*WHAT IS EXPECTED*. When you reach the line with "Давеча я рассказывал" in the records below, begin transcribing exactly and continue up to and including the line with "Giá hò tiêu cao nhất đạt 51.500 đồng/kg.", leaving out every picture.

■ ■ ■ ■

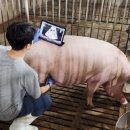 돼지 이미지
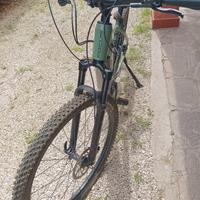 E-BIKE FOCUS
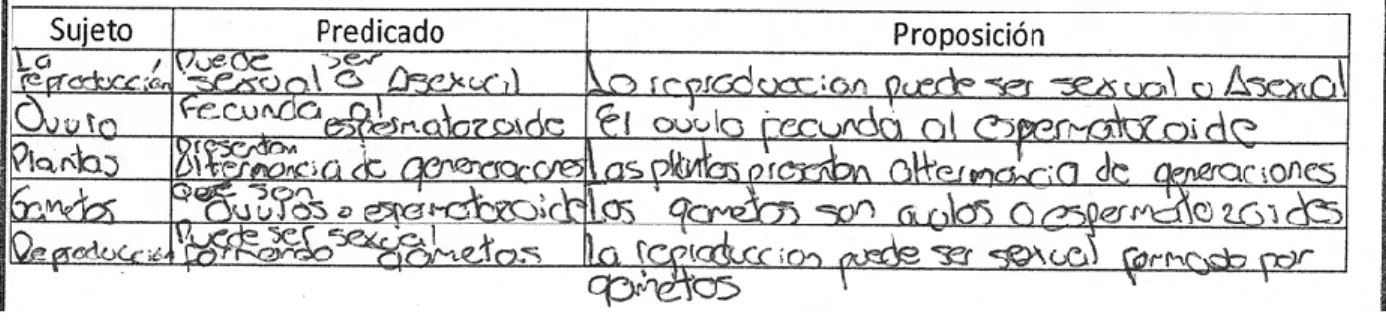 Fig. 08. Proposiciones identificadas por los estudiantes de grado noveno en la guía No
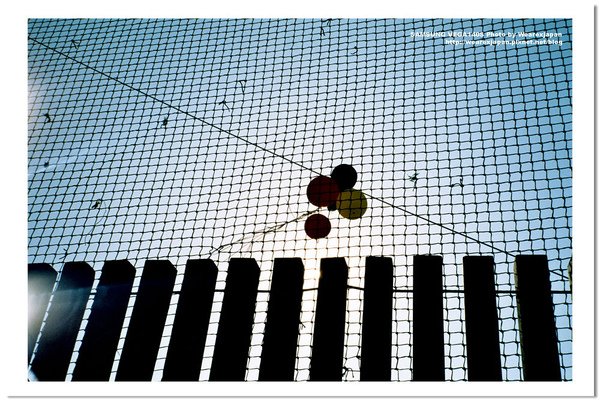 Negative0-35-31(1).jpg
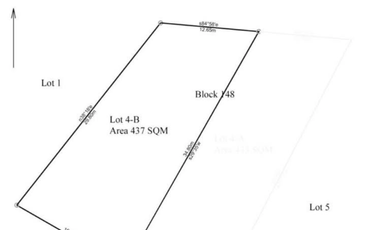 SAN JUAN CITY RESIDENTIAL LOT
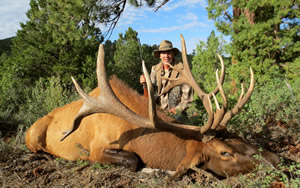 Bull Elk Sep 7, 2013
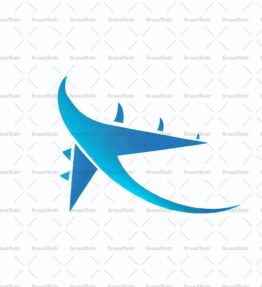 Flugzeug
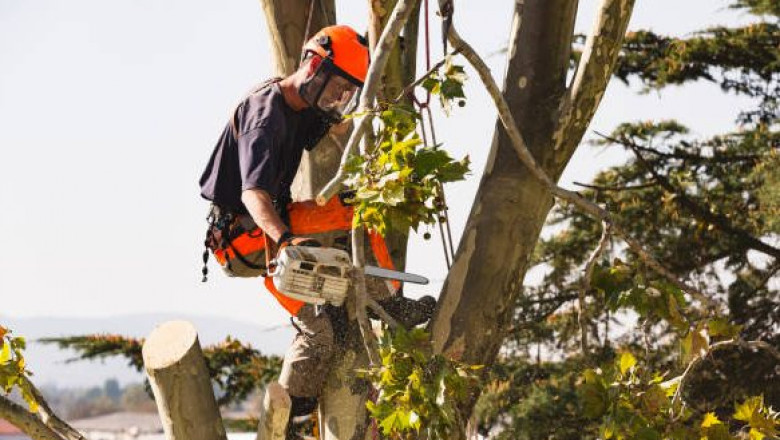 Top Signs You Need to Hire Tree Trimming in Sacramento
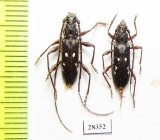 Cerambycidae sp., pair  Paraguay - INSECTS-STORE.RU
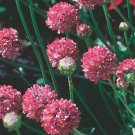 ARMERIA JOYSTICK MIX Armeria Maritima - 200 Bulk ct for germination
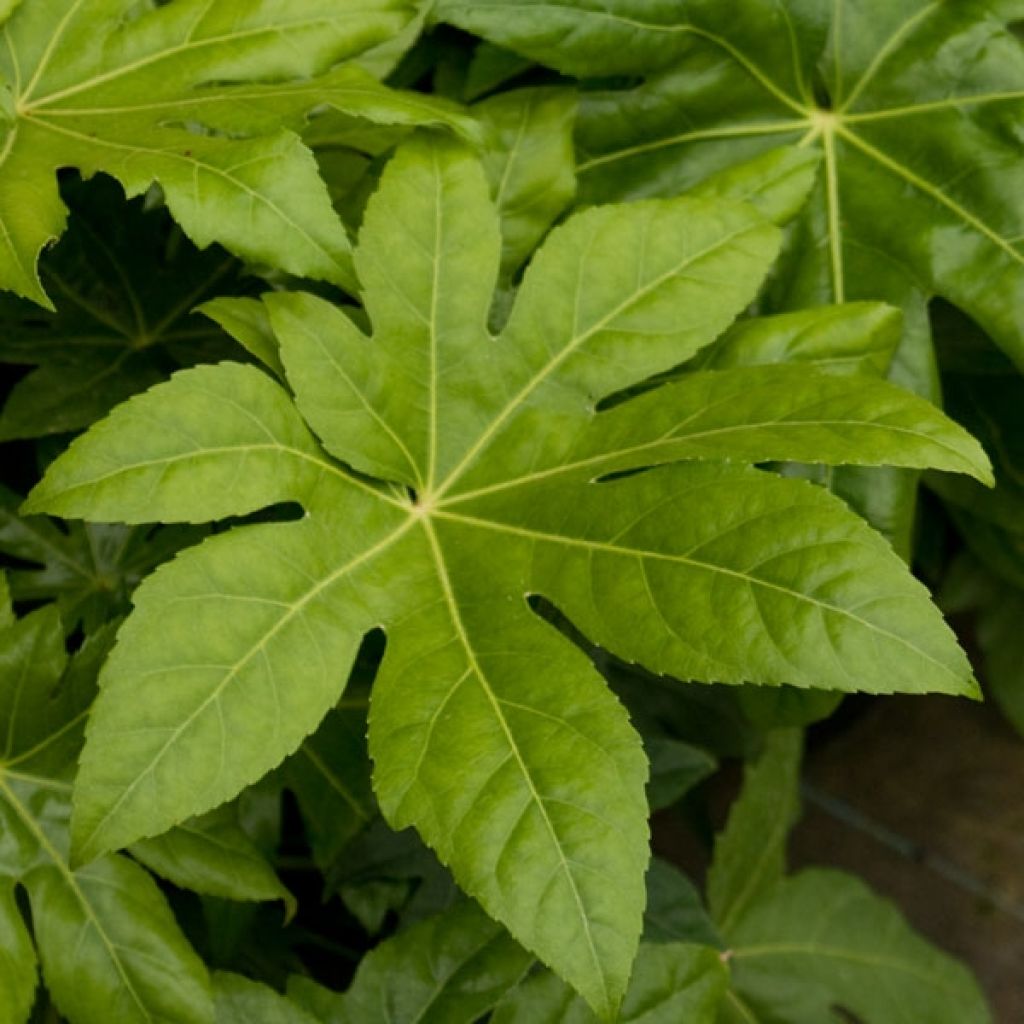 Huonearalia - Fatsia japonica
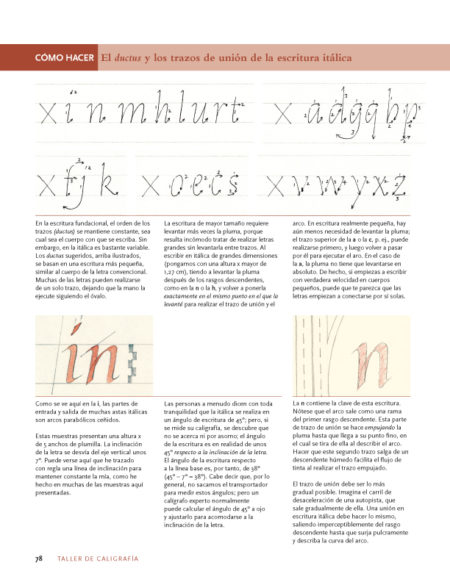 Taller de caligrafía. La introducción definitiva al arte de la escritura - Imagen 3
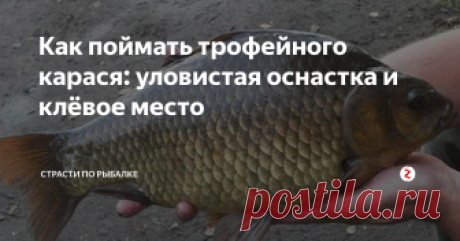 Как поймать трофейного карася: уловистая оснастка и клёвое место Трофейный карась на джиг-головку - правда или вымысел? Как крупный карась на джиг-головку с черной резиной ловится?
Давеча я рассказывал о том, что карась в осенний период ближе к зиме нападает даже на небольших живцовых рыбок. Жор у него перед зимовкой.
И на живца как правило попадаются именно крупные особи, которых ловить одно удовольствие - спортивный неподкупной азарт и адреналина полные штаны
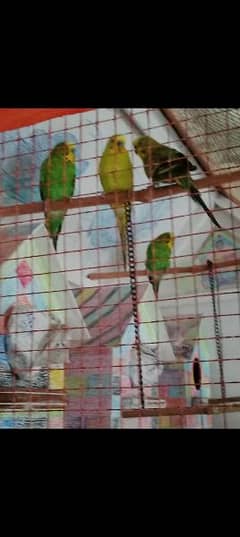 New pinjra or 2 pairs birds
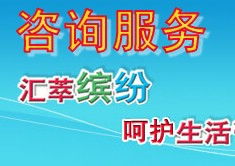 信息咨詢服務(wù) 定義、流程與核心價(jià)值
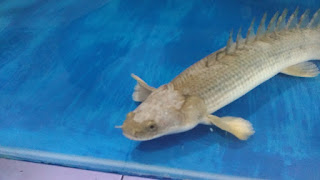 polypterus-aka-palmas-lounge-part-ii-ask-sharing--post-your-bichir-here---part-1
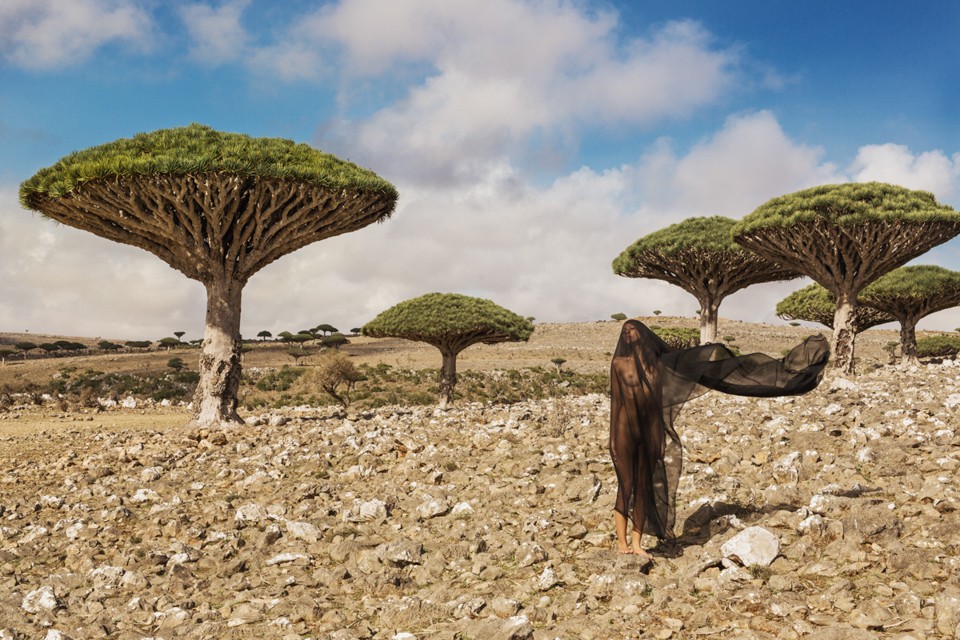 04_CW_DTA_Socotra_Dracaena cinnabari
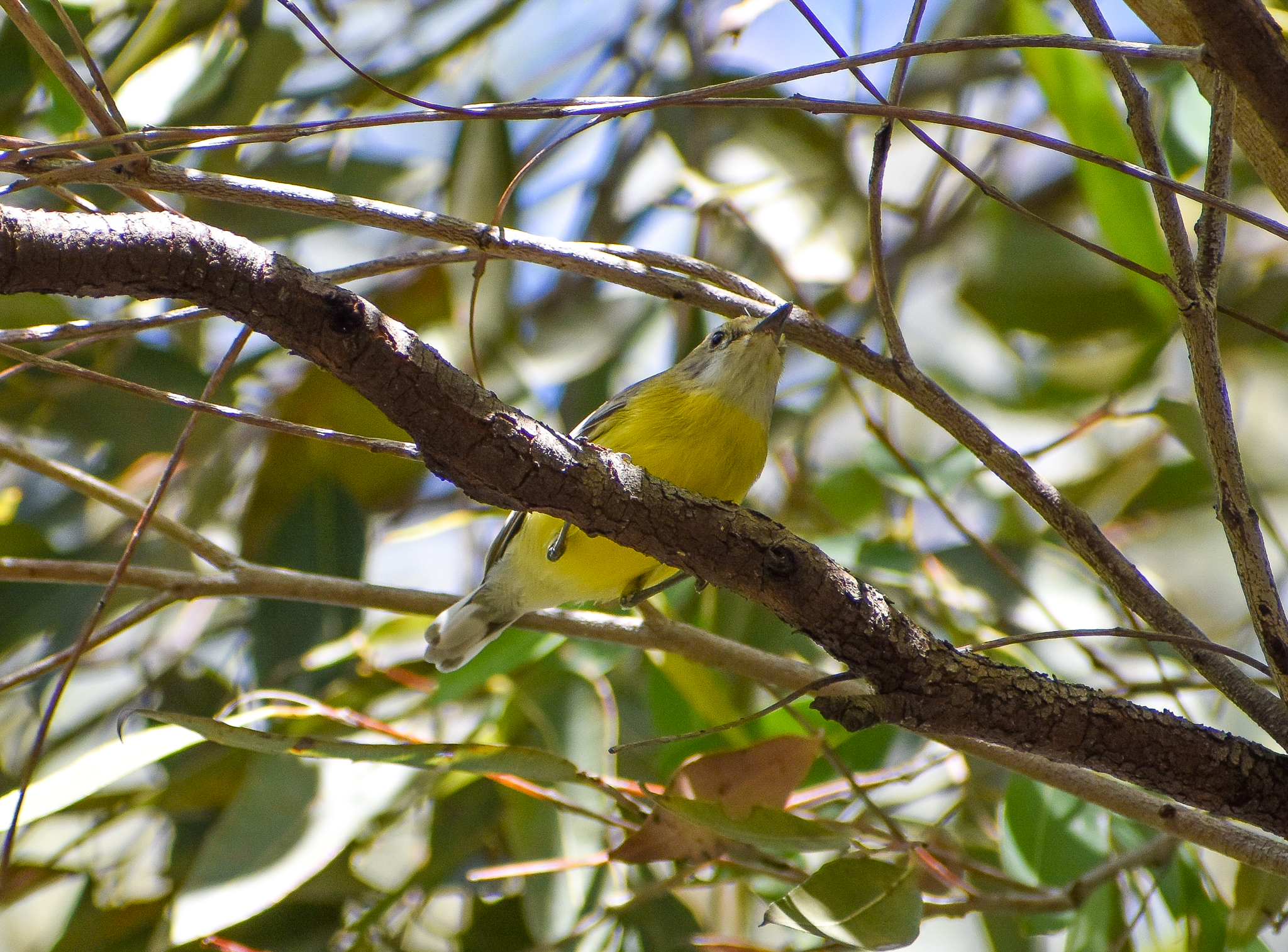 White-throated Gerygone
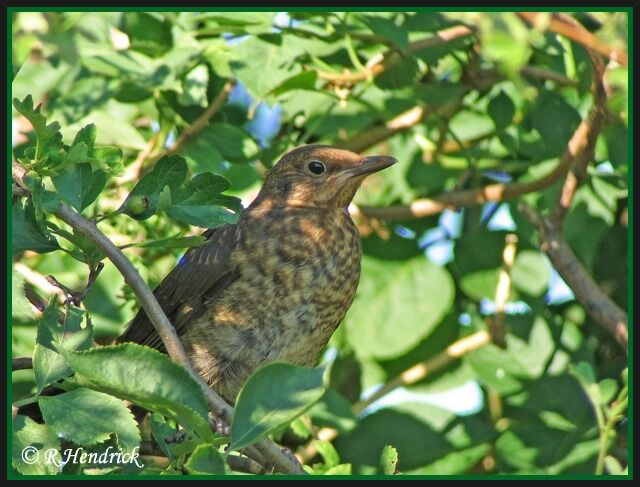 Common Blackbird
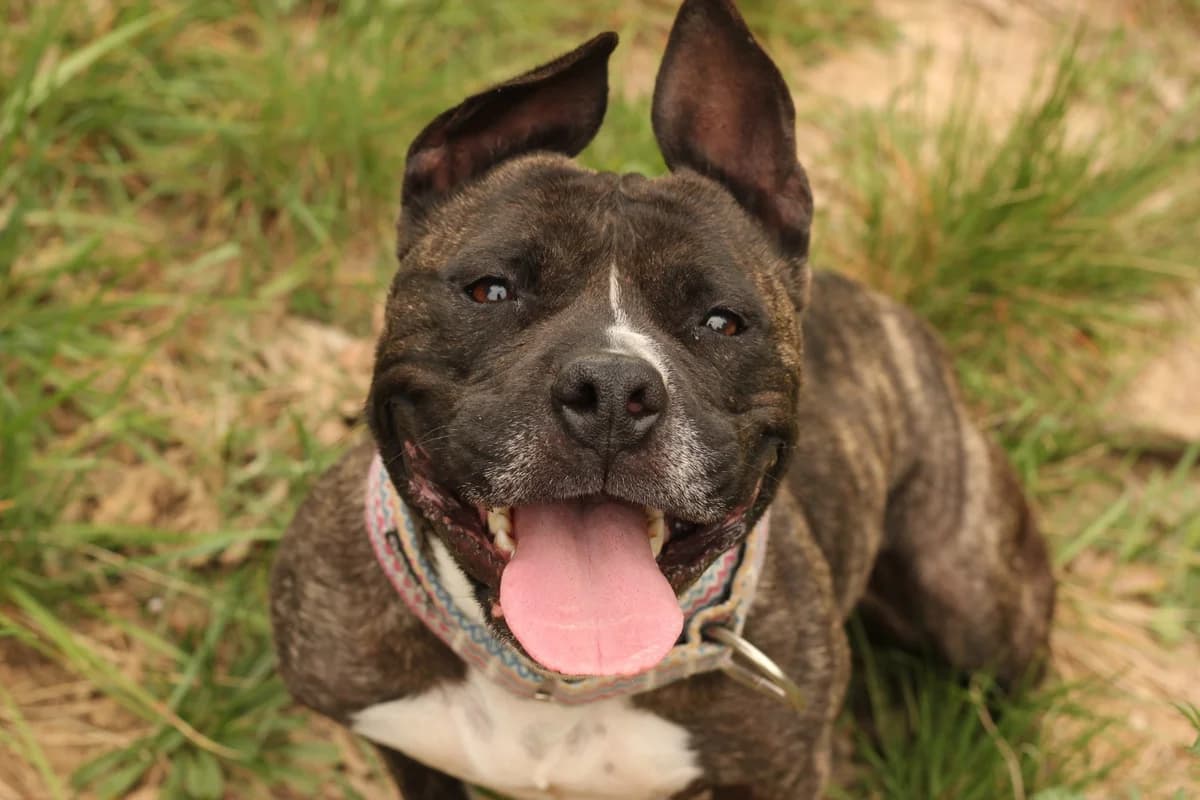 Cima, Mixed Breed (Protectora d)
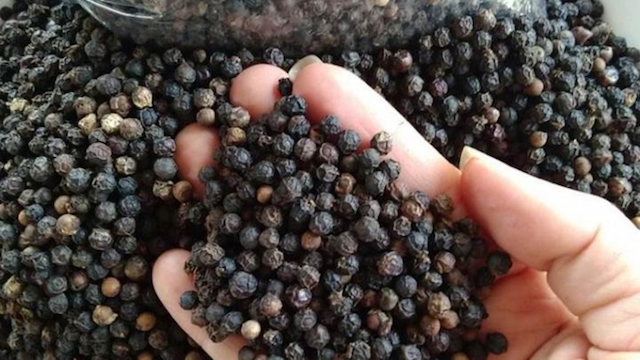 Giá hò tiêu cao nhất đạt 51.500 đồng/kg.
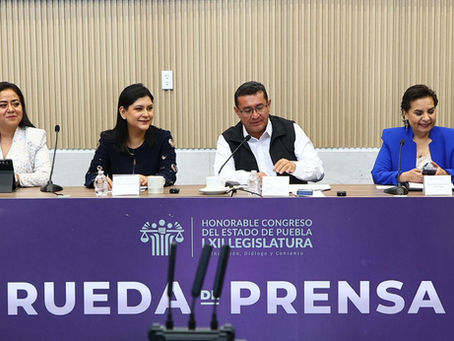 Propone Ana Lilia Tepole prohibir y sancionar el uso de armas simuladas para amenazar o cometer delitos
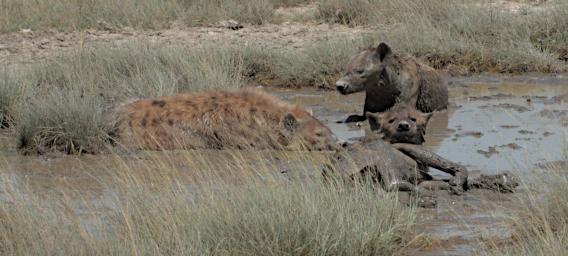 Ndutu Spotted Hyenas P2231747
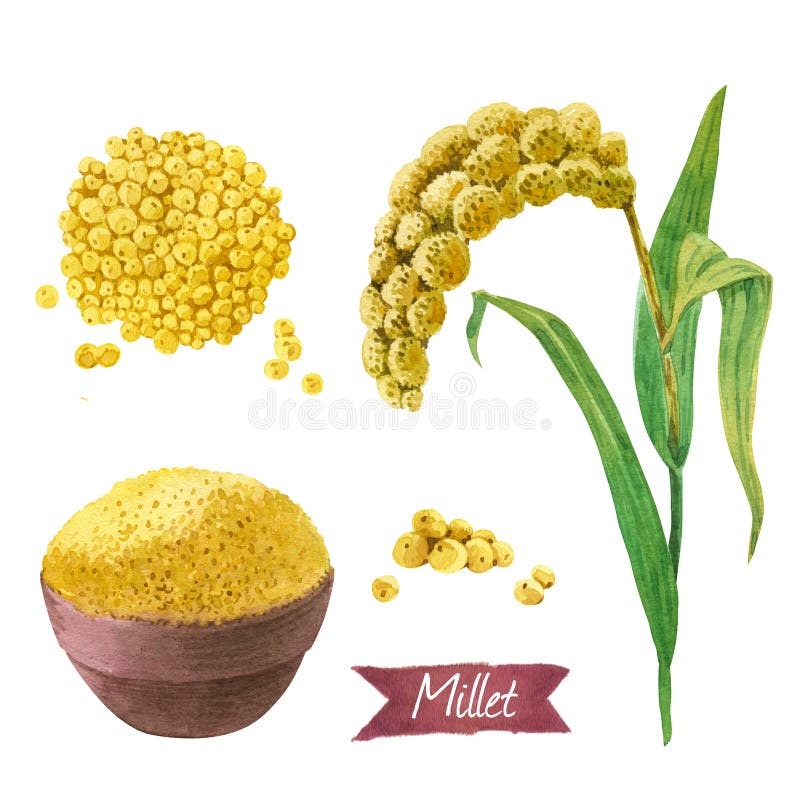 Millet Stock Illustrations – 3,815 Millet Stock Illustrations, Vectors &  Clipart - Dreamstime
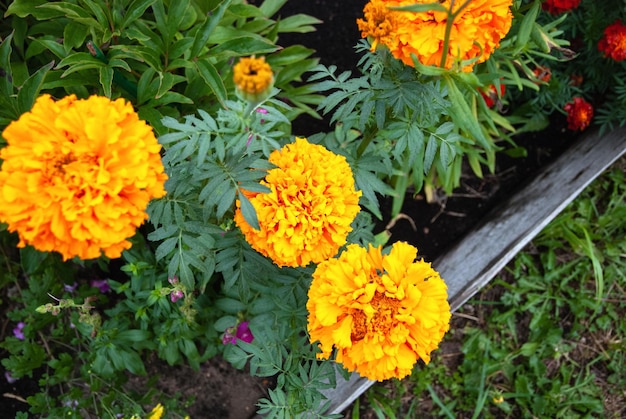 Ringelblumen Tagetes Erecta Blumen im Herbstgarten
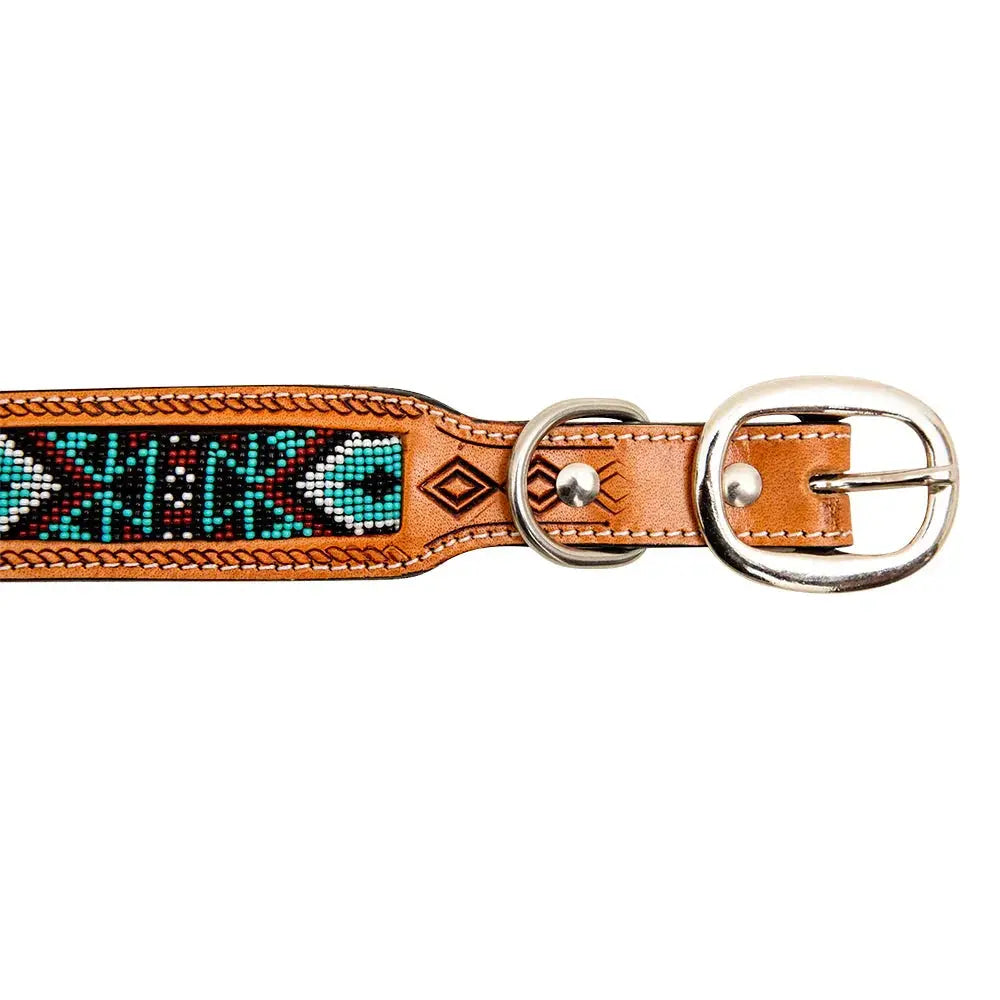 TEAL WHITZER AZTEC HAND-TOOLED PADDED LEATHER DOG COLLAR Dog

■ ■ ■ ■

*SOLUTION*.
Давеча я рассказывал о том, что карась в осенний период ближе к зиме нападает даже на небольших живцовых рыбок. Жор у него перед зимовкой.
И на живца как правило попадаются именно крупные особи, которых ловить одно удовольствие - спортивный неподкупной азарт и адреналина полные штаны
 New pinjra or 2 pairs birds
 信息咨詢服務(wù) 定義、流程與核心價(jià)值
 polypterus-aka-palmas-lounge-part-ii-ask-sharing--post-your-bichir-here---part-1
 04_CW_DTA_Socotra_Dracaena cinnabari
 White-throated Gerygone
 Common Blackbird
 Cima, Mixed Breed (Protectora d)
 Giá hò tiêu cao nhất đạt 51.500 đồng/kg.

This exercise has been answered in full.